The Maine Art Gallery in Wiscasset opens the 2022 season with neurodiverse artists

Spindleworks artist and author Anna McDougal of Wiscasset, with her painting of a snowfall on her family farm. Maria Skillings/ Time Record.

The Maine Art Gallery in Wiscasset kicks off its 2022 season with an exhibition featuring more than 100 works of art created by more than 40 neurodiverse artists representing the nonprofit Spindleworks of Brunswick.

Neurodiverse describes individuals with neurologically atypical thought or behavior patterns, such as ADHD, autism, dyslexia, and Tourette syndrome, among others.

Spindleworks is a nonprofit arts center for adults with disabilities that became a program of the Independence Association of Brunswick in 1978. The nonprofit works with over 40 artists from communities such as Bath, Brunswick, Topsham, Bowdoinham, Portland, Westbrook, Auburn, Wiscasset, Lisbon, Richmond and Freeport. Their artists explore multiple artistic mediums such as painting, drawing, sewing, sculpture, poetry and music.

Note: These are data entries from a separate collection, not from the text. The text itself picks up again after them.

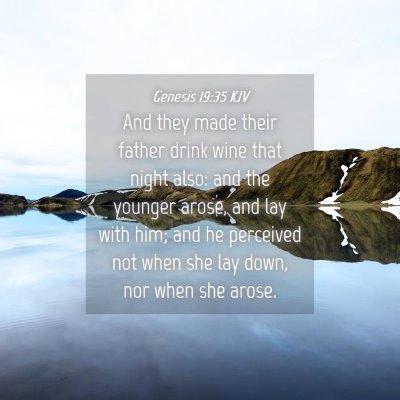 Picture 04 - Genesis 19:35 KJV - And they made their father drink wine that night - Bible Verse Picture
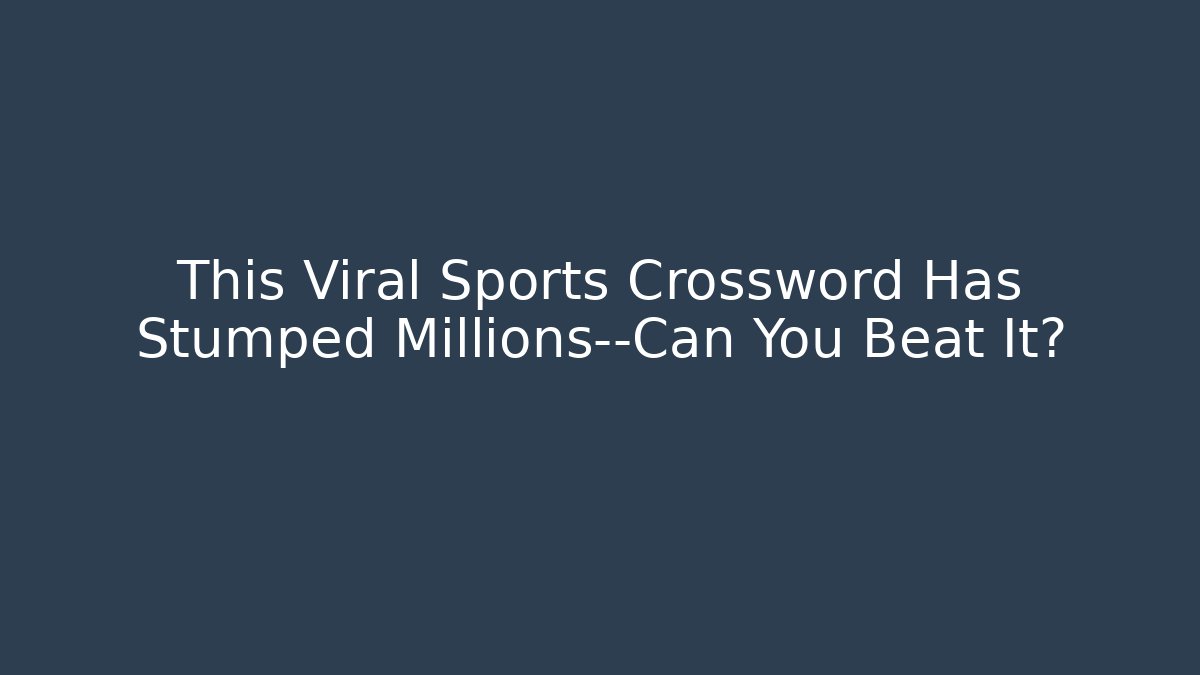 This Viral Sports Crossword Has Stumped Millions—Can You Beat It?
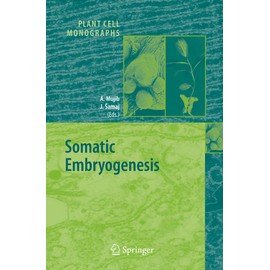 Somatic Embryogenesis (Plant Cell Monographs, 2)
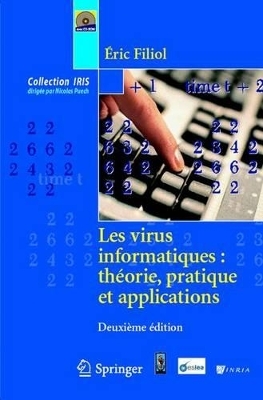 Les Virus Informatiques: Théorie, Pratique Et Applications - Eric Filiol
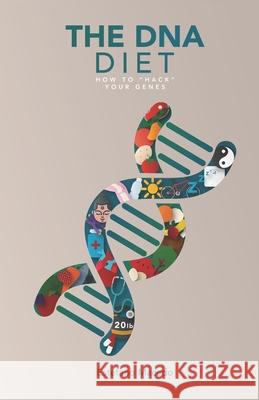 The DNA Diet: How to Hack Your Genes Estefano Macedo 9781974500154 Createspace Independent Publishing Platform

Spindleworks artist Diana Oliver holds her multicolored square painting next to her loom. Maria Skillings / Time Record

Multimedia artist and author Anna McDougal from Wiscasset said she has been creating art at Spindleworks for 22 years. Two of his paintings will be featured in the exhibition, titled “Time Shift”. McDougal said the subjects of her paintings are often animals and vegetables from the farm she lives on in Wiscasset.

“Animals are my passion,” she says. “I like to make people hungry for art.”


McDougal spoke fondly of his 22 years at Spindleworks and said the nonprofit really helps foster community bonds and friendships.

“I am accepted for who I am. I’m in a community that I never grew up in,” McDougal said.

Wiscasset Maine Art Gallery Consultant Kerry Hadley said Spindleworks artists often visit the gallery with their art mentor Deidre Barton. On one occasion, Barton invited Hadley to visit Spindleworks to coordinate the Time Shift art exhibit.

“We like to involve the community and be as representative of the community as possible,” Hadley said.

Spindleworks artist Diana Oliver said she is delighted to share her work with the community and hopes it teaches people: “There is more art in the world”.

Spindleworks musician Mitch Pfeifle with his guitar. Maria Skillings / Time Record


Oliver has been creating art at Spindleworks for five years and says his favorite activity is painting. His paintings will also be presented in the Wiscasset gallery. Oliver also shared with The Times Record a work of art that she has been weaving on her loom for over two years now.

Spindleworks artist and musician Mitch Pfeifle will play guitar with local Bath band Leopard Girls on the opening night of Time Shift. Pfeifle has been playing the guitar for many years and said his musical roots go back a long way. He said his mother hung out with the Beatles and his brother had long hair like a rock star.

“I think people with different abilities have a voice that needs to be shared with the community and often their voices aren’t included,” said Brian Braley, director of Spindleworks. “The importance is to share the incredible creative skills they have due to their disability. Art really gives a voice to people who can also be non-verbal.

According to an April 21 press release from the Maine Art Gallery: “Spindleworks is a joyful place; the energy of creativity is contagious. Ambitious, talented and hardworking artists thrive in this supportive space where they gather, work, talk, dream and create amazing and original works of art to display and sell.

Spindleworks artists Robin Albert shared her fashion album. She said she loves designing dresses. Maria Skillings/ Time Record.